• [ASSIGNMENT] Setting pictures aside, output exactly the lines from the start of the records to the line with "В Японии мужчина напал на пассажиров пое…", that line included.

• [ENTRIES SUPPLIED]
-------

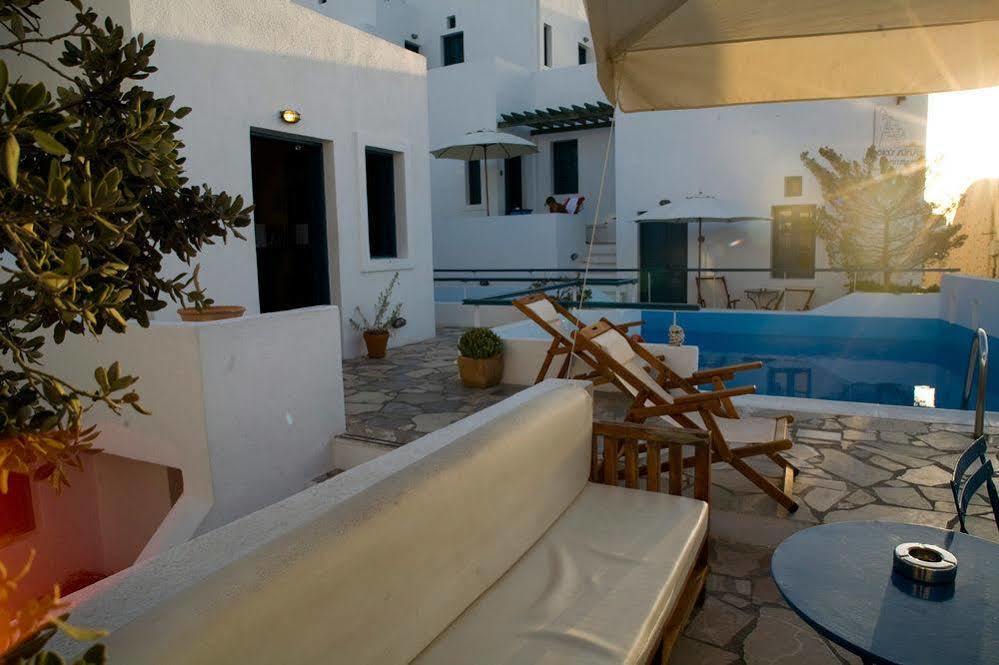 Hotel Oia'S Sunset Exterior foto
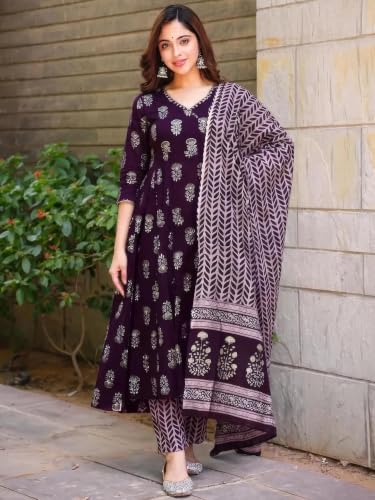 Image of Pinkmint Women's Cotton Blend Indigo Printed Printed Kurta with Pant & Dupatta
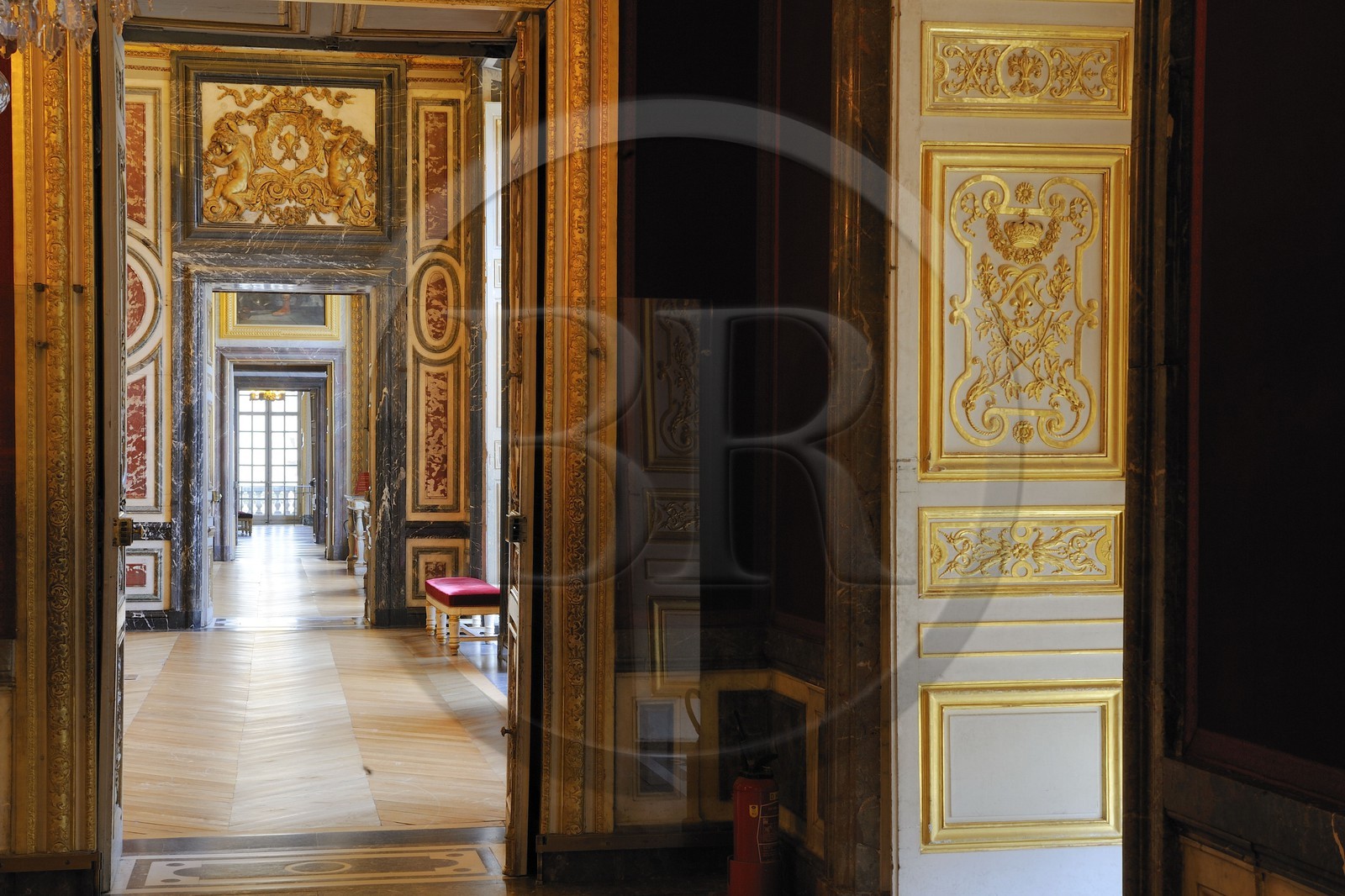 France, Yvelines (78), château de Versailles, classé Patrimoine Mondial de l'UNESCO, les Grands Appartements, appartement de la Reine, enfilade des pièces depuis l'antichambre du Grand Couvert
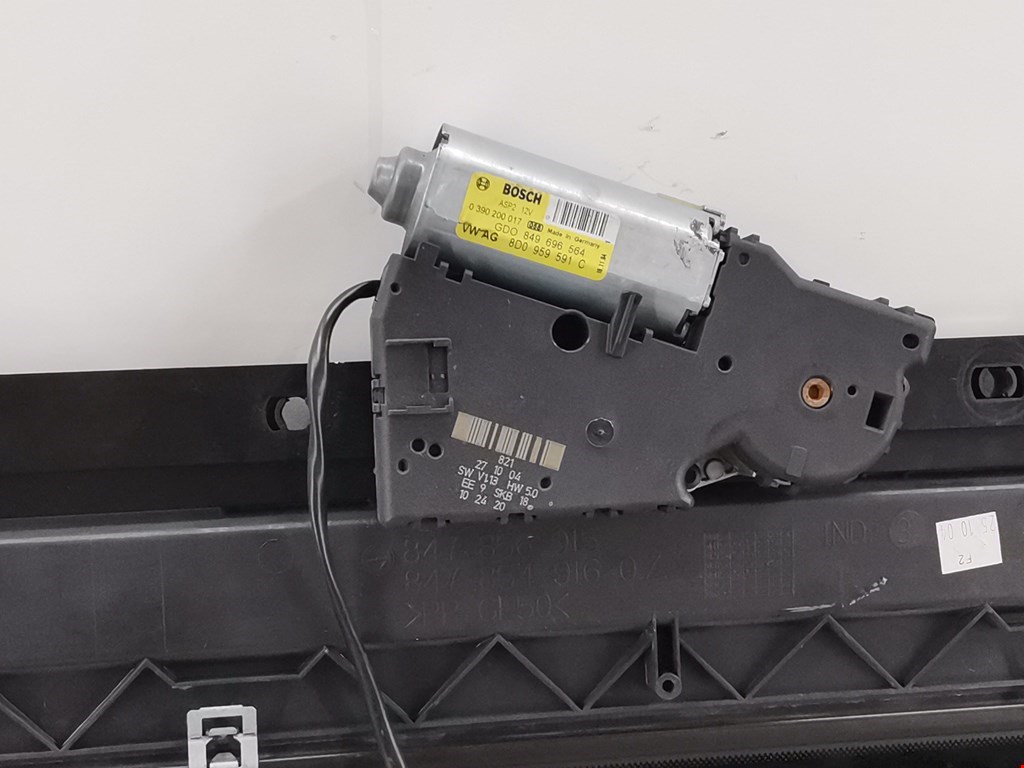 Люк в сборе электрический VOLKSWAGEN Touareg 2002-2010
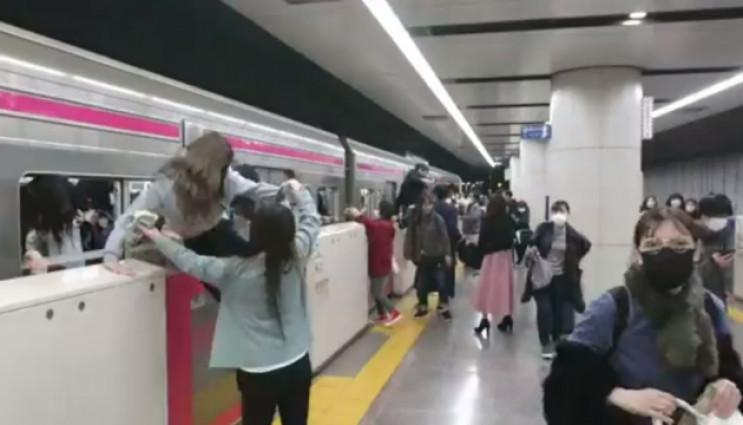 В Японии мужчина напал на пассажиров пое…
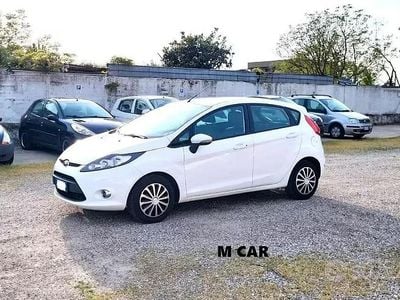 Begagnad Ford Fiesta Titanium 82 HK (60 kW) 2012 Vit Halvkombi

-------

• [THE COMPLETED TASK]
 Hotel Oia'S Sunset Exterior foto
 Image of Pinkmint Women's Cotton Blend Indigo Printed Printed Kurta with Pant & Dupatta
 France, Yvelines (78), château de Versailles, classé Patrimoine Mondial de l'UNESCO, les Grands Appartements, appartement de la Reine, enfilade des pièces depuis l'antichambre du Grand Couvert
 Люк в сборе электрический VOLKSWAGEN Touareg 2002-2010
 В Японии мужчина напал на пассажиров пое…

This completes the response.